Identity frameworks that assume “always-on connectivity” simply do not reflect how OT systems operate. This is why identity keeps breaking in OT — even when everything else appears compliant.

 

The missing layer made for disconnected environments

If OT networks cannot guarantee stable connectivity, identity must be designed to operate even without it. This is where 2026 marks a turning point.

Identity-first OT security means:

  • authentication that can function during partial outages or limited connectivity
  • credentials that minimise the risk of reuse or theft through dynamic generation
  • verification methods that do not rely on constant central-server availability
  • access control tied to individuals instead of devices or network zones
  • identity events that can be logged locally and synchronised once connections return

This shift is already emerging across critical sectors in the adoption of dynamic, one-time authentication models. Each credential is generated independently, so trust can be maintained even when network paths are unavailable.
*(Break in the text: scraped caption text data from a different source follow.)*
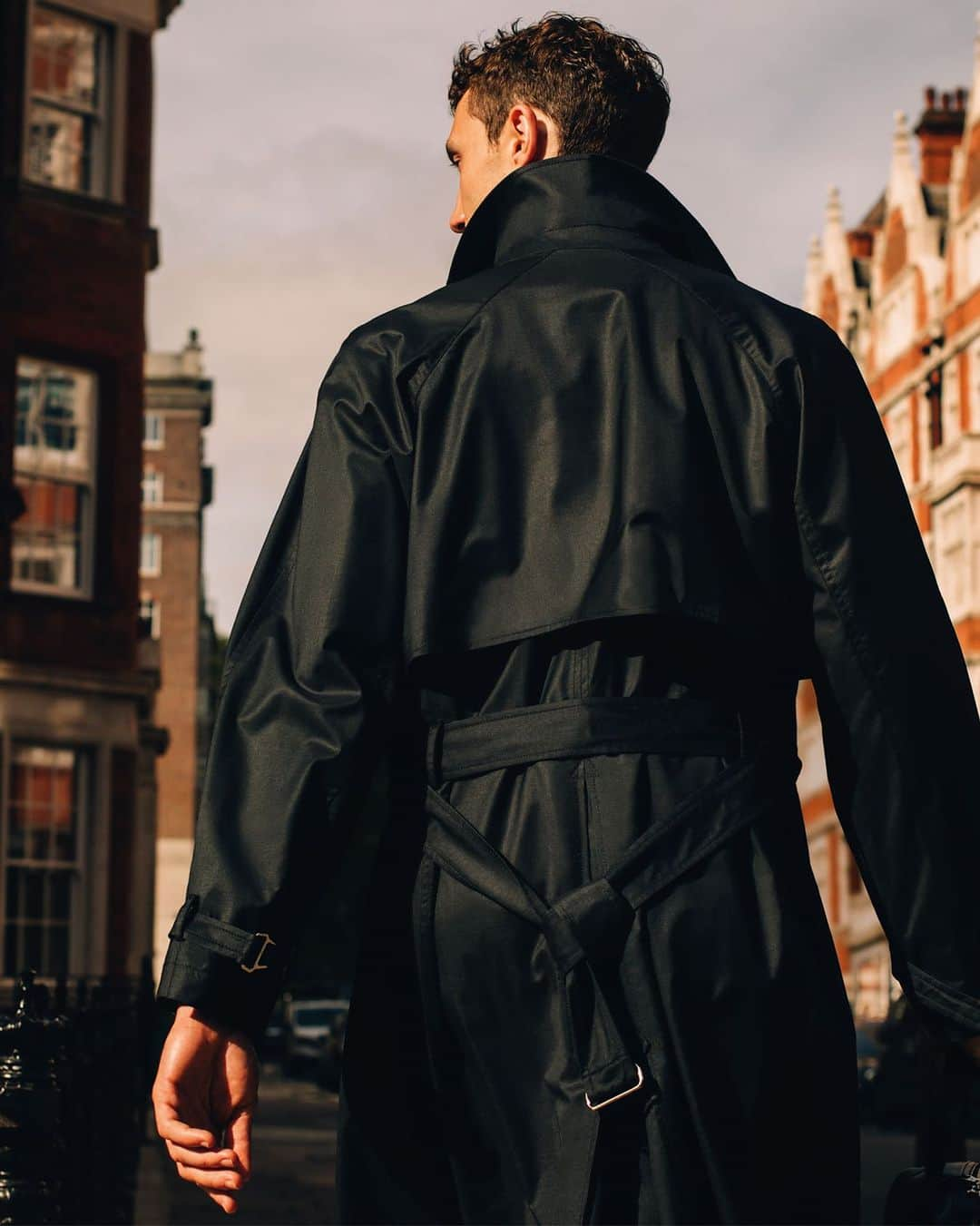 ダンヒルのインスタグラム：「Refined rain protection on the streets of Mayfair and Marylebone.  dunhill’s fully-lined technical trench coat is engineered in luxurious dark ink wool-silk with a water-resistant finish. Worn here on the streets of London by @jacob.coupe for our seasonal outerwear campaign.  Photographed by Robbie Lawrence (@robbiel1) and styled by @stuartvwilliamson.  Discover dunhill’s autumn outerwear in-store and at dunhill.com」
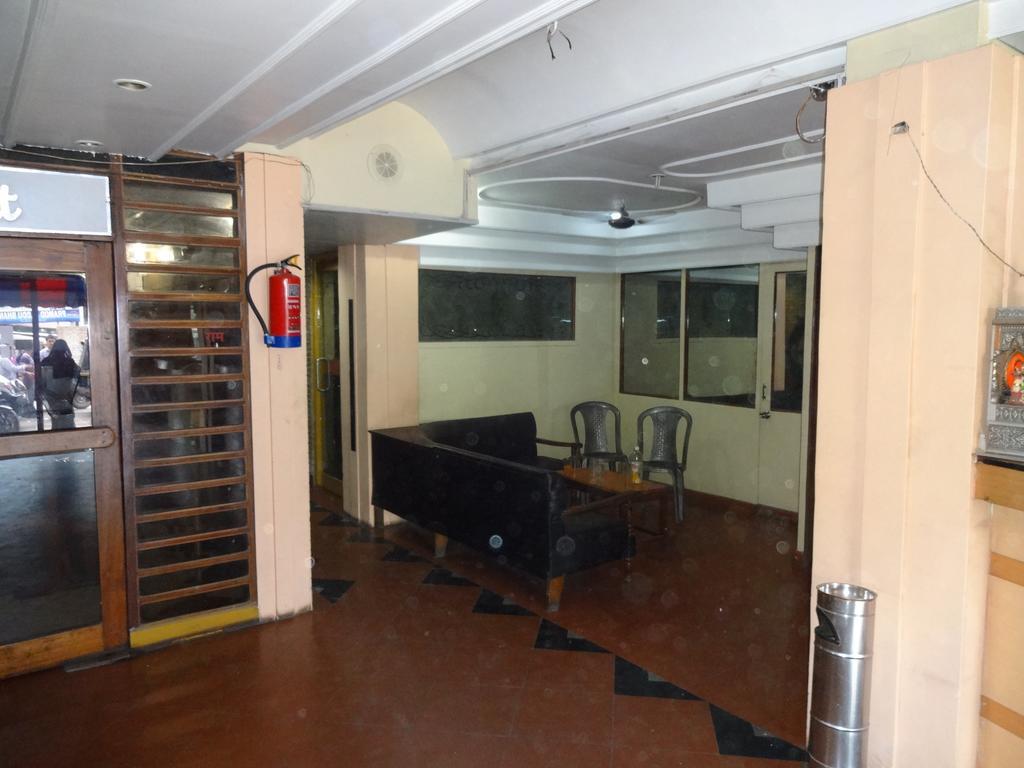 Ajatsatru Hotel Gajá Kültér fotó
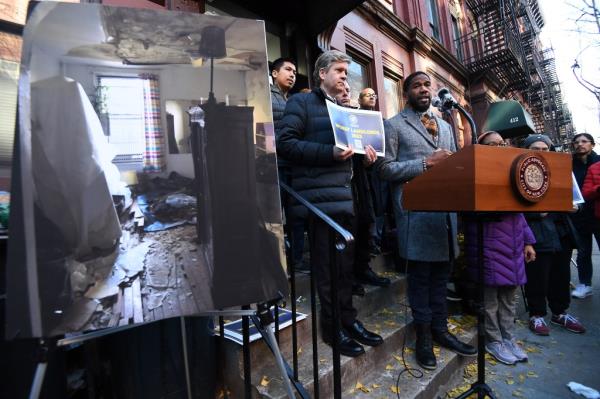 Jumaane Williams press co<em></em>nference with picture of dirty apartment 
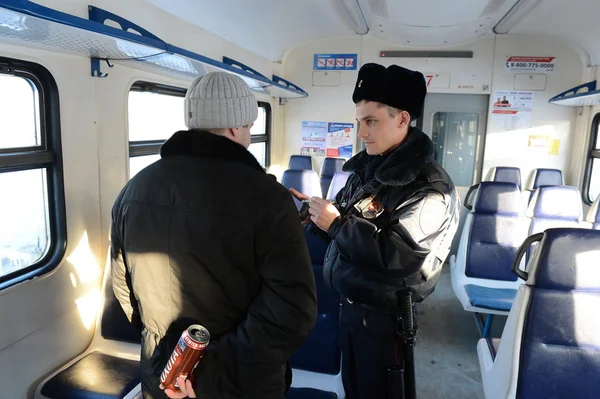 Employees of the transport police caught the passenger with a beer in the train.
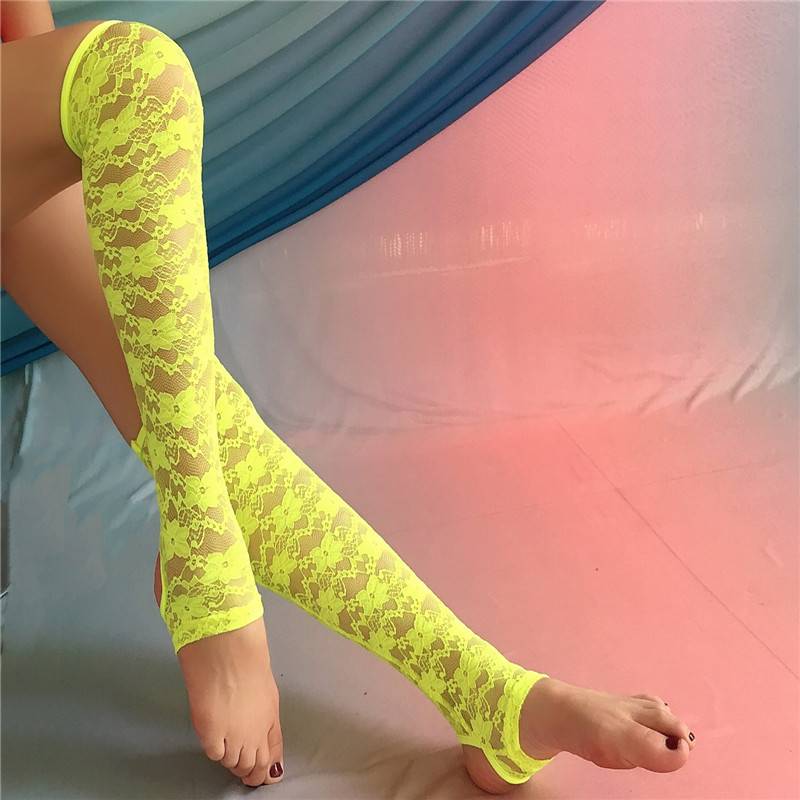 Laces fluorescent green for feet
This mirrors the principle behind one-way, dynamic identity systems such as OTAC, where no static passwords are stored and no reusable secrets exist. In architectures where verification libraries are available locally — such as standalone deployments — identity checks can even be performed offline while maintaining trusted control.

Not as a replacement for traditional OT security. But as the layer that completes it.

 

Why this matters for OT endpoints

OT endpoint security — PLCs, HMIs, RTUs, and other ICS devices — has always been vulnerable because these systems were never designed with strong identity validation in mind.

They were not built to:

  • enforce modern authentication
  • reject stolen or reused credentials
  • validate dynamic identity codes
  • operate securely with intermittent connectivity

By centring identity, 2026 becomes the first time OT endpoints can be protected before the attacker reaches them — not after the breach has already begun.

This is also why identity-centric approaches align with swIDch’s mission. Dynamic, non-reusable authentication methods reduce reliance on passwords and support more resilient OT endpoint protection regardless of network stability.

 

The shift ahead as identity becomes the new OT perimeter

2025 made one reality impossible to ignore:

Networks can be segmented.
Firewalls can be tuned.
Monitoring can be improved.

But if identity remains static, shared, or dependent on central servers, attackers will always find a way in.

2026 will not be defined by bigger network perimeters. It will be defined by identity that travels with the user and remains verifiable even in disconnected environments — the one perimeter attackers cannot bypass simply by stealing or guessing a password.

And as operators plan next year’s investments, the smartest ones are recognising a simple truth:

Strengthen the identity layer,
and everything else becomes stronger with it.